现有的电力计量自动化系统能采集到各相电流、电压、功率因数等信息，能一定程度反映用户窃漏电行为，因此建立如下评估指标体系来对用户数据特征进行描述：

评价指标.PNG

在数据库中选取291组样本数据，输入为电量趋势下降指标、线损指标和告警类指标，输出数据是否窃电。

样本数据.PNG

对于这个分类问题，分别采用cart决策树和LM神经网络模型进行处理。

2.拉格朗日插值

实际应用中原始数据某些点会缺值，通常可以采取删除该项，补平均数、插值补全等方式处理。调用scipy中的lagrange函数进行处理，利用前后共10个数据得出缺失值。代码如下：

import pandas as pd
from scipy.interpolate import lagrange

inputfile = './data/missing_data.xls'
outputfile = './data/missing_data_processed.xls'
data = pd.read_excel(inputfile, header=None)

def ployinterp_columns(s,n,k=5):
    y = s[list(range(n-k,n))+list(range(n+1,n+1+k))]
    y = y[y.notnull()]
    return lagrange(y.index, list(y))(n)


for i in data.columns:
    for j in range(len(data)):
        if (data[i].isnull())[j]:
            data[i][j] = ployinterp_columns(data[i],j)

data.to_excel(outputfile,header=None,index=False)

3.LM神经网络

使用Keras（2.2.4）库建立神经网络（在TensorFlow1.11.0基础上），网络模型为3:10:1,，使用Adam方法求解。

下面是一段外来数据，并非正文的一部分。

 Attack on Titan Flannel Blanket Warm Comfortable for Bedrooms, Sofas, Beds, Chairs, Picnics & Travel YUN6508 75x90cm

代码如下：

import pandas as pd
from random import shuffle
from keras.models import Sequential
from keras.layers.core import Dense,Activation
import matplotlib.pyplot as plt
from sklearn.metrics import confusion_matrix, roc_curve

def cm_plot(y, yp):
    cm = confusion_matrix(y, yp)

    plt.matshow(cm, cmap=plt.cm.Greens)
    plt.colorbar()

    for x in range(len(cm)):
        for y in range(len(cm)):
            plt.annotate(
                cm[x, y],
                xy=(x, y),
                horizontalalignment='center',
                verticalalignment='center')

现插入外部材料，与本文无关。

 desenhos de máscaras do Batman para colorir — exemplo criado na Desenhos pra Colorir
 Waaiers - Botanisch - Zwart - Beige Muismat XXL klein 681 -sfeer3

    plt.ylabel('True label')
    plt.xlabel('Predicted label')
    return plt
#import data
datafile = 'data/model.xls'
data = pd.read_excel(datafile)
data = data.as_matrix()#将表格转化为矩阵
shuffle(data)
#数据分割
p = 0.8
train = data[:int(len(data)*p),:]#对行的操作
test = data[:int(len(data)*p),:]
#模型搭建
netfile = 'tmp/net.model'

net = Sequential()
net.add(Dense(10,input_shape=(3, )))
net.add(Activation('relu'))
net.add(Dense(1,input_shape=(10, )))
net.add(Activation('sigmoid'))
net.compile(loss = 'binary_crossentropy',optimizer='adam', sample_weight_mode="binary")

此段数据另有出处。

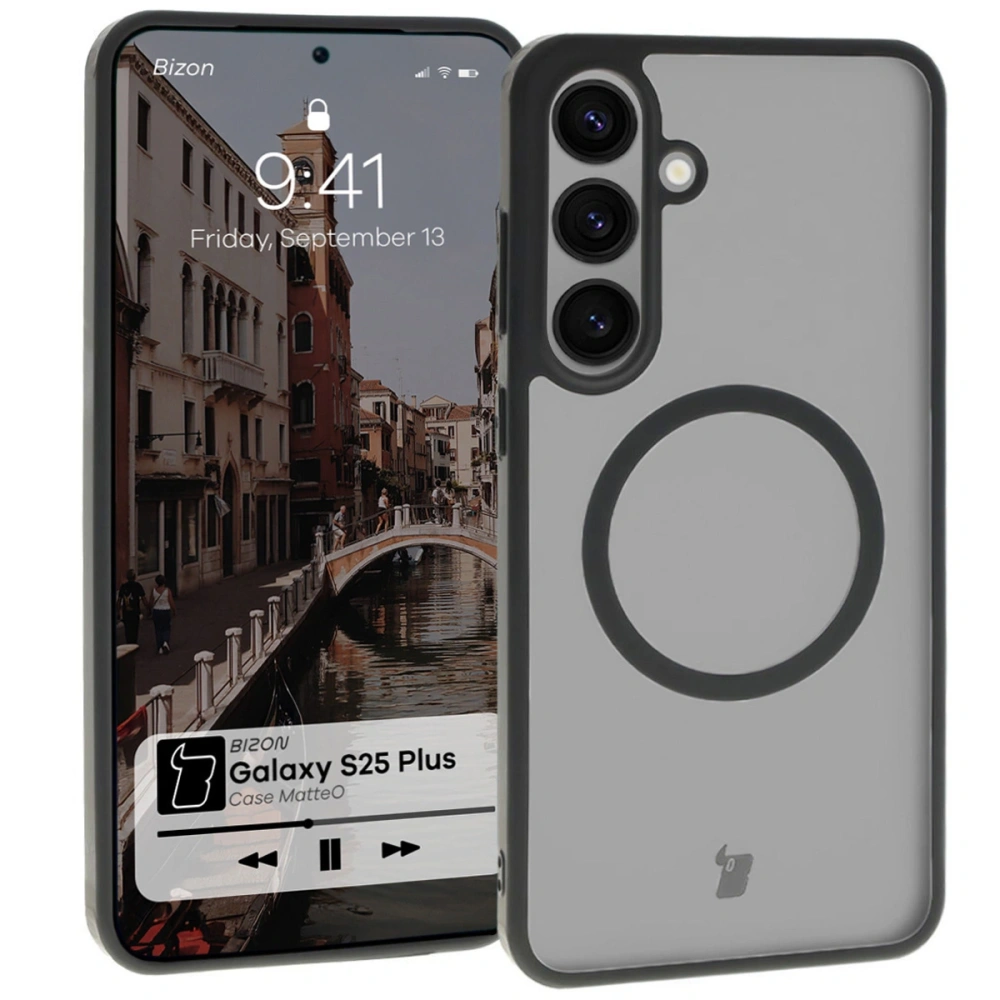 Etui z pierścieniem magnetycznym Bizon Case MatteO do Samsung Galaxy S25 Plus półprzezroczyste z czarną ramką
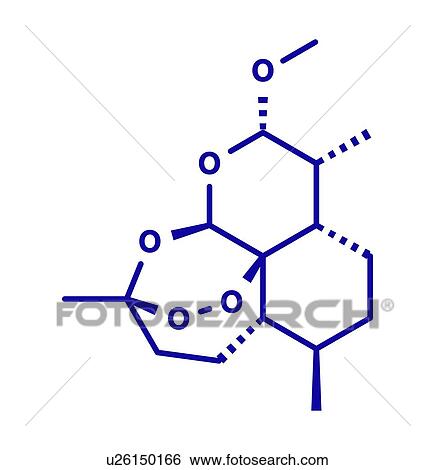 Stock Photograph - Artemether malaria drug, molecular model. Fotosearch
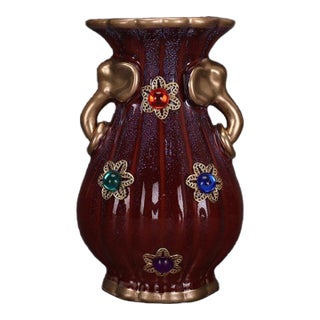 1960s Oxblood Red Fluted Ceramic Vase With Gilt Elephant Head Handles and Jewel Inlays For Sale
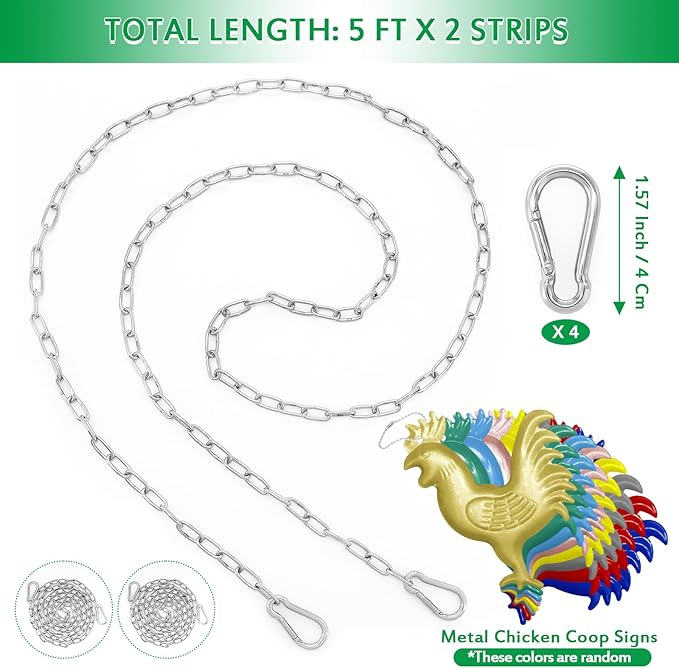 2 Pack 5 Ft Hanging Chain with 4 Chain Hooks 8 Chicken Coop Signs for Chicken Feeders, Stainless Steel Metal Small Chain For Chiken Bird Coop Accessories Feeders Waterer Plant Hooks Hold Up 13 Lbs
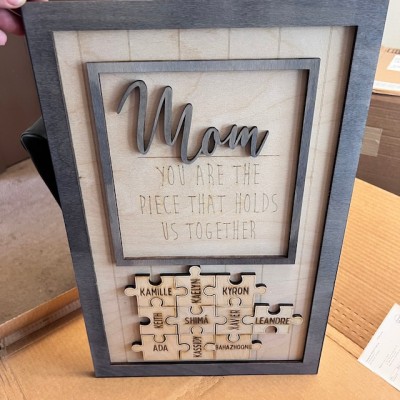 Mom Puzzle Pieces Personalized Engraved Wood Sign Home Wall Decor For Mothers Day Gift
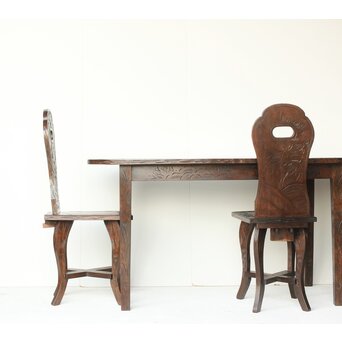 軽井沢彫 ダイニングテーブル 机　T455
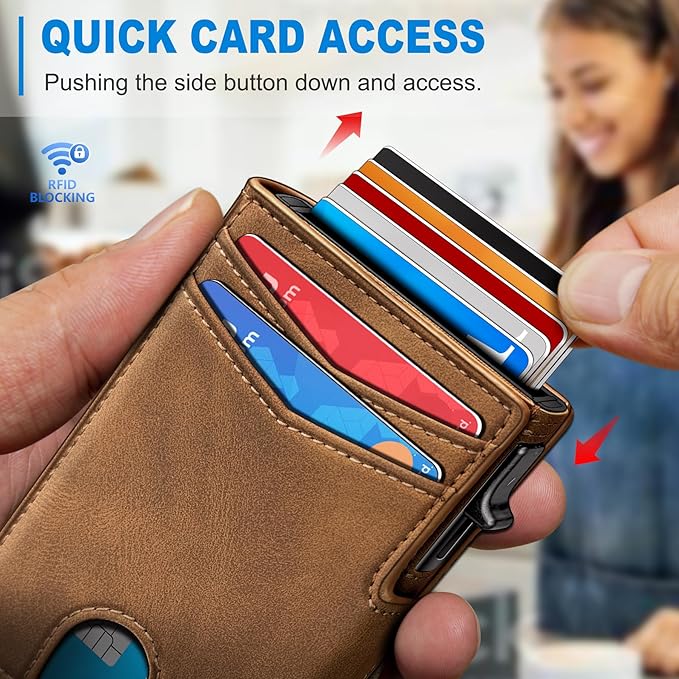 miyozi Wallet for Men, Magnetic Minimalist Slim Wallet with Pop Up Card Holder, 9 Cards RFID Blocking Metal Credit Card Case, Leather Wrapped Money Clip, ID Window & Small Item Slot, Gift Boxed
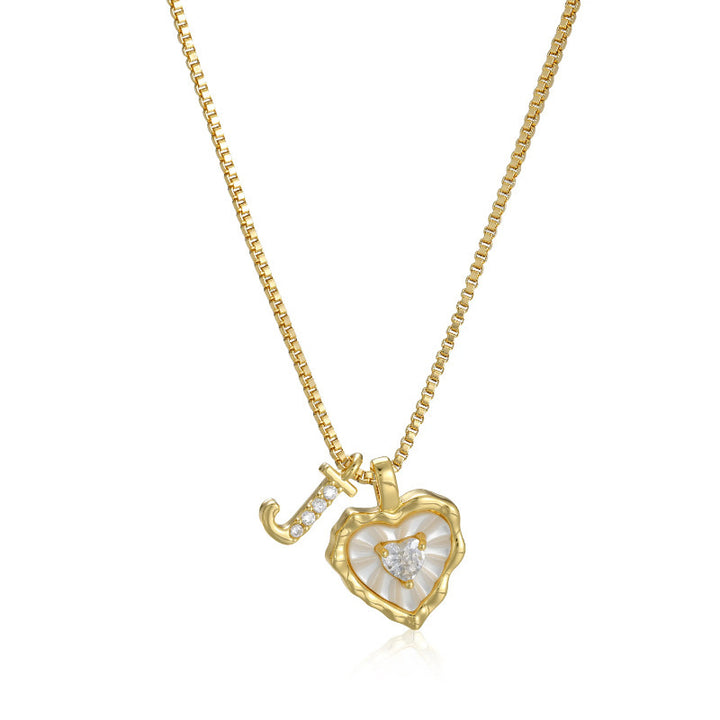 Daisy Pearl Heart Necklace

net.fit(train[:,:3],train[:,3],nb_epoch=1000,batch_size=1)
net.save_weights(netfile)

predict_result = net.predict_classes(train[:,:3]).reshape(len(train))

cm_plot(train[:,3],predict_result).show()

fpr, tpr, thresholds = roc_curve(
    test[:, 3], predict_result, pos_label=1)
plt.plot(fpr, tpr, linewidth=2, label='ROC of LM', color='green')
plt.xlabel('False Positive Rate')
plt.ylabel('True Positive Rate')
# 设定边界范围
plt.ylim(0, 1.05)
plt.xlim(0, 1.05)
plt.legend(loc=4)
plt.show()
print(thresholds)

结果如图：

LM_ROC曲线.png

LM混淆矩阵.png

准确率为：(52+163)/(163+10+7+52)*100%=92.7%
混淆矩阵，ROC曲线具体定义可参照书本。

4.CART决策树

通过Scikit-Learn构建CART决策树模型，

from random import shuffle
import matplotlib.pyplot as plt
import pandas as pd
from sklearn.externals import joblib
from sklearn.metrics import confusion_matrix, roc_curve
from sklearn.tree import DecisionTreeClassifier

def cm_plot(y, yp):
    cm = confusion_matrix(y, yp)

    plt.matshow(cm, cmap=plt.cm.Greens)
    plt.colorbar()

    for x in range(len(cm)):
        for y in range(len(cm)):
            plt.annotate(
                cm[x, y],
                xy=(x, y),
                horizontalalignment='center',
                verticalalignment='center')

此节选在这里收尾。